Se all’età di mezzo si addiceva il negotium, alla vecchiaia si addiceva la trasmissione dell’esperienza.  Il vecchio è l’uomo divenuto saggio, l’uomo che conosce la vita e ciò che si agita nell’animo umano. Il vecchio ha una auctoritas che conferisce valore e peso alla sua opinione. Egli quindi può trasmettere idee costruttive, suggerire, finanche guardare lontano a dispetto dell’età o forse proprio a causa di essa: più prossimi si è all’oltre e più si scorgono nettamente i lineamenti di ciò che è giusto e di ciò che non lo è. L’eternità svezza  alla saggezza.
Ciò che è vecchio quindi non è di per sé inservibile, anzi.

Torniamo all’oggi. Quanto poco peso diamo ai suggerimenti dei nostri anziani. Quanto poco valore attribuiamo alle loro parole e quanta poca strada abbiamo percorso a causa della nostra dimenticanza e, direi, di una marcata apatia da controra pugliese.

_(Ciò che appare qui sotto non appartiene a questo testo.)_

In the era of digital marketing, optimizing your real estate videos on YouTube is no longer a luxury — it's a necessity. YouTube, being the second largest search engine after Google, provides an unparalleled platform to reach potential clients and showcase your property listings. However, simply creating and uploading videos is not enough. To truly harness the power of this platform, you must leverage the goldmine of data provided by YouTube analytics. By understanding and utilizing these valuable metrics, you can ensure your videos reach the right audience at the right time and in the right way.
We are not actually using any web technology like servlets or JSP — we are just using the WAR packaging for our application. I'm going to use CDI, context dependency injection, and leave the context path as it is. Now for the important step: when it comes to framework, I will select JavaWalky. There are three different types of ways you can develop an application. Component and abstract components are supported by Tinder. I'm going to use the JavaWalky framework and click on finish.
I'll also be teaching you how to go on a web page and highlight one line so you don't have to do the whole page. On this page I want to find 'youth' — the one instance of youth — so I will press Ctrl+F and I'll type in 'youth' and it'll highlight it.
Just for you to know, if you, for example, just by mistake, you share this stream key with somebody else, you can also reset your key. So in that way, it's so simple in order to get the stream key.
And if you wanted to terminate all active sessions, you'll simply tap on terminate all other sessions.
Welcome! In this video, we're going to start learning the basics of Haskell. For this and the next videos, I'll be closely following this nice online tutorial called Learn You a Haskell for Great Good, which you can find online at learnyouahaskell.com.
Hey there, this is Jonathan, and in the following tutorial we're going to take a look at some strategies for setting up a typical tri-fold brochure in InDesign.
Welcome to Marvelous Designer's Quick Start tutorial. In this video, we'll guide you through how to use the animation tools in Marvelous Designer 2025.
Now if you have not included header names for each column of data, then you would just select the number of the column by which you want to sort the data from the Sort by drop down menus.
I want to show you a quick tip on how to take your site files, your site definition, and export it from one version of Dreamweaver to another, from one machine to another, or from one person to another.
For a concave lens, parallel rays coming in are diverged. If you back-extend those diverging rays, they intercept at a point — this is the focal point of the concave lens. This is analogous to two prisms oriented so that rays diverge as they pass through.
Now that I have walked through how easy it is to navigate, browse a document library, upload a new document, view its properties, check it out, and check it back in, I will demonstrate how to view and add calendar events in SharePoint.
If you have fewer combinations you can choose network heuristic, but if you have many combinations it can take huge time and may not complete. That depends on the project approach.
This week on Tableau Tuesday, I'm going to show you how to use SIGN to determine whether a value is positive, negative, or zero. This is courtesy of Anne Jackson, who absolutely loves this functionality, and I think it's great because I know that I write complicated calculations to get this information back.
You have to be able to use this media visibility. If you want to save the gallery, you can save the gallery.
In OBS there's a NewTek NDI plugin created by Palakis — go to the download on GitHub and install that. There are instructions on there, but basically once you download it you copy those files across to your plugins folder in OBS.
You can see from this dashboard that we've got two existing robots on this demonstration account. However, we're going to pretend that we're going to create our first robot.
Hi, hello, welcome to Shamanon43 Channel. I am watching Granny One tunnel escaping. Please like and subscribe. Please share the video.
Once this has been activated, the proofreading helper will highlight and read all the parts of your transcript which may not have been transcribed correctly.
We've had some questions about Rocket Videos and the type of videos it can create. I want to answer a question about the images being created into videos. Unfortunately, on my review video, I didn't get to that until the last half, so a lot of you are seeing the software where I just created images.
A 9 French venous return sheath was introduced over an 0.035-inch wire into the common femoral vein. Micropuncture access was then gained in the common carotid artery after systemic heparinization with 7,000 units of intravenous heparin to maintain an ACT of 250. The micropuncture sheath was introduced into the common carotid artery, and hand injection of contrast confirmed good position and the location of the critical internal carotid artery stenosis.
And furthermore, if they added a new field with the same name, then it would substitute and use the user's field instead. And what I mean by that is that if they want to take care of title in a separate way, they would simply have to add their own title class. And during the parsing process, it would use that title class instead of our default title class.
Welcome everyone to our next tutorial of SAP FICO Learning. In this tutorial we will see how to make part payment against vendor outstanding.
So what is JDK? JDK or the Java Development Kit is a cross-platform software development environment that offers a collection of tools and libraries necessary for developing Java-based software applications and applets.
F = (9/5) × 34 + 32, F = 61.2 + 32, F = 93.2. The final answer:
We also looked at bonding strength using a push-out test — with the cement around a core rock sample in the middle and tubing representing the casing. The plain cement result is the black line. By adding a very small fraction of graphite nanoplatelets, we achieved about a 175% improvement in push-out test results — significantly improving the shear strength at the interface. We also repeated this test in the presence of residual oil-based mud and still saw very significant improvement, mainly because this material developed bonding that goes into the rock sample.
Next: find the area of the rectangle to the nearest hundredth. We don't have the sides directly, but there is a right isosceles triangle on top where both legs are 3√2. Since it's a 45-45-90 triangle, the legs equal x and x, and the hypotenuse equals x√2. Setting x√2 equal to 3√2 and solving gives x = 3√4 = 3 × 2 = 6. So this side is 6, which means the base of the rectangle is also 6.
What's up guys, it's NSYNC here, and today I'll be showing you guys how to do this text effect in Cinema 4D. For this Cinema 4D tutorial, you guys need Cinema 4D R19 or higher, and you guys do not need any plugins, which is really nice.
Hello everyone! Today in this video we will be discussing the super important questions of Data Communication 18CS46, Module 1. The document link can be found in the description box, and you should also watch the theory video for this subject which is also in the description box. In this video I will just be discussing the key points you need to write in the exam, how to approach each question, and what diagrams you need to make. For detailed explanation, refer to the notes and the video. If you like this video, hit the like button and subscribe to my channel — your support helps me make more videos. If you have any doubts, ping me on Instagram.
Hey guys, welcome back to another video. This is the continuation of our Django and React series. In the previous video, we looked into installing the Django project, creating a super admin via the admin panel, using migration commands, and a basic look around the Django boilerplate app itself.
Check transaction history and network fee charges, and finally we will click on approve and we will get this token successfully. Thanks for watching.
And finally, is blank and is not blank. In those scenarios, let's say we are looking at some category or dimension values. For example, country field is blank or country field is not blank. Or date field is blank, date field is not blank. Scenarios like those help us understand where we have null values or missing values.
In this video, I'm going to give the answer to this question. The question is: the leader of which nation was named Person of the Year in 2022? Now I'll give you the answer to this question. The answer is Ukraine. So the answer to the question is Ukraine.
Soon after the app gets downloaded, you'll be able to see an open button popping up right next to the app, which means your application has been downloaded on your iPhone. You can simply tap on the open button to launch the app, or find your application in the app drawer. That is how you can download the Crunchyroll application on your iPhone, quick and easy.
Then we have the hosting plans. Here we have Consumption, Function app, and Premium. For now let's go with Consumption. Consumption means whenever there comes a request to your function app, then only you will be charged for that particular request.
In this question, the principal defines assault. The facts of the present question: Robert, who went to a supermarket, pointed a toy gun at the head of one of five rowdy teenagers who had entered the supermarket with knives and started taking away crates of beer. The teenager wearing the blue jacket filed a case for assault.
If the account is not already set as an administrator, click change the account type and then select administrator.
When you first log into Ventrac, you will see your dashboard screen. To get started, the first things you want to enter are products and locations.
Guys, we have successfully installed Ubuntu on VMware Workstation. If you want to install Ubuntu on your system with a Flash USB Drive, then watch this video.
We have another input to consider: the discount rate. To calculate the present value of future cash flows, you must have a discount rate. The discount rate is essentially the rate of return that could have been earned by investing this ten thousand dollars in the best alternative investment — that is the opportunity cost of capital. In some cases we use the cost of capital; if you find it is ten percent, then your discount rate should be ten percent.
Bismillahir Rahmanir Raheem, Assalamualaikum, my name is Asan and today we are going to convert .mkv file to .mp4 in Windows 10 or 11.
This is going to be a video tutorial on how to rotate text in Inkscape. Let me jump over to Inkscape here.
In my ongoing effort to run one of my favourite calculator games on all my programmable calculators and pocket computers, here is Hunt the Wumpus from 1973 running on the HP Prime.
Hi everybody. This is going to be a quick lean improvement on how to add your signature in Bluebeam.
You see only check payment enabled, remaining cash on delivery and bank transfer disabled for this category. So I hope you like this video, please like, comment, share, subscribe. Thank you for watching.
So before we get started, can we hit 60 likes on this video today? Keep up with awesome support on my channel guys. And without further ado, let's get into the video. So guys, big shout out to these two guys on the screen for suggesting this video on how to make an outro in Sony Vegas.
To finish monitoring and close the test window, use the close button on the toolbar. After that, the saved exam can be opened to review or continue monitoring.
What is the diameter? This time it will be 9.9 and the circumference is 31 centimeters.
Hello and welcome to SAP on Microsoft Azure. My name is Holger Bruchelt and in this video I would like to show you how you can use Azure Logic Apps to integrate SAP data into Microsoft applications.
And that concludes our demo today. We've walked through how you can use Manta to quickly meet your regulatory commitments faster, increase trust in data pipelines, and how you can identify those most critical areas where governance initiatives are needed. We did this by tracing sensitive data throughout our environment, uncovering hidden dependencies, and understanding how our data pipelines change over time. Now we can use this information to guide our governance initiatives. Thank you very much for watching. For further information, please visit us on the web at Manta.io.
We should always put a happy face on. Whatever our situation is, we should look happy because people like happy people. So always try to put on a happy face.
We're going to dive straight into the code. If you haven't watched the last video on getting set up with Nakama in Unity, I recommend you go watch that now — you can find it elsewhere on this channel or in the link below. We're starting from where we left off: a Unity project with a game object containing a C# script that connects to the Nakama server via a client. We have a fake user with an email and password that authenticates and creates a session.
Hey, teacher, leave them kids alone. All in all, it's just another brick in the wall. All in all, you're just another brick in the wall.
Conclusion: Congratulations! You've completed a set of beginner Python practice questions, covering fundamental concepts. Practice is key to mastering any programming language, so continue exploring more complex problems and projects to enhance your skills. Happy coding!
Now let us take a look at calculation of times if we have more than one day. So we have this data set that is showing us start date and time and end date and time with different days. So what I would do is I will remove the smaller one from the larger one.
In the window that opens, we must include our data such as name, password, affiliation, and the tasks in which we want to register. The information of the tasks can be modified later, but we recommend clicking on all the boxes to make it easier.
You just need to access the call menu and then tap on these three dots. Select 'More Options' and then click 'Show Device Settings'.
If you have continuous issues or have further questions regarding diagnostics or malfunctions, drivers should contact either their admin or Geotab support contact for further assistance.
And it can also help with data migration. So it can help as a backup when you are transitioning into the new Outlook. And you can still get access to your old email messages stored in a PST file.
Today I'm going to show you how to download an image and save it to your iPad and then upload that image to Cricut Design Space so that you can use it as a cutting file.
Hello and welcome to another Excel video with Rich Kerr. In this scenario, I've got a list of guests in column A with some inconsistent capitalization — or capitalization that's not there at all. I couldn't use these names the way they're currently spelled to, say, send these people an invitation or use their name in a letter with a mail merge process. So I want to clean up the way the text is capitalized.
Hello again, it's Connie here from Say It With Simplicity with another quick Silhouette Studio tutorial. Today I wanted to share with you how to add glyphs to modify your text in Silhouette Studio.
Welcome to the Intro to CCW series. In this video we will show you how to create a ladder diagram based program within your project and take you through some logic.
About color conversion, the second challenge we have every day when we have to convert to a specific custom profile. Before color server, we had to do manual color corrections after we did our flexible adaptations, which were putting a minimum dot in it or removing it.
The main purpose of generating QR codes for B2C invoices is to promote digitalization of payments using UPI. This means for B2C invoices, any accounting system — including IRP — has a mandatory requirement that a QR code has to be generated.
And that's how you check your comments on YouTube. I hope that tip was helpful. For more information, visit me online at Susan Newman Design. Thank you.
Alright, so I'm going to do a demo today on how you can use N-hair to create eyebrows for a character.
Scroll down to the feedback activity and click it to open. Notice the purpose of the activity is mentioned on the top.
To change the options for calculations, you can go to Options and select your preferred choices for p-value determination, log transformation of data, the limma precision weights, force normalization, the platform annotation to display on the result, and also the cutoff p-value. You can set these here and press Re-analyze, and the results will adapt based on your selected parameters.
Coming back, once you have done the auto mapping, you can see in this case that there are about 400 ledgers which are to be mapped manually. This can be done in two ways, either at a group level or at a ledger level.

Ne ho avuto una conferma proprio oggi mentre, dovendo ingannare il tempo, sfogliavo antiche riviste custodite in una vecchia libreria (vecchio con antico, un binomio inscindibile). Bene, ne ho aperta una, un numero del Rubastino, storico periodico della Pro loco di Ruvo, dei mesi di luglio-agosto 1972. Un tuffo nella Ruvo di trentaquattro anni fa. Un amarcord che mi ha messo i brividi addosso.

Perché? Per la semplice ragione che a Ruvo tutto muta molto lentamente, tanto lentamente che tutto resta fermo, immobile, scavato nella roccia. Se non procedere a ritroso.  Mi soffermo a leggere un articolo del defunto prof. don Vincenzo Amenduni, uno dei padri fondatori della Pro loco, deceduto molti anni or sono.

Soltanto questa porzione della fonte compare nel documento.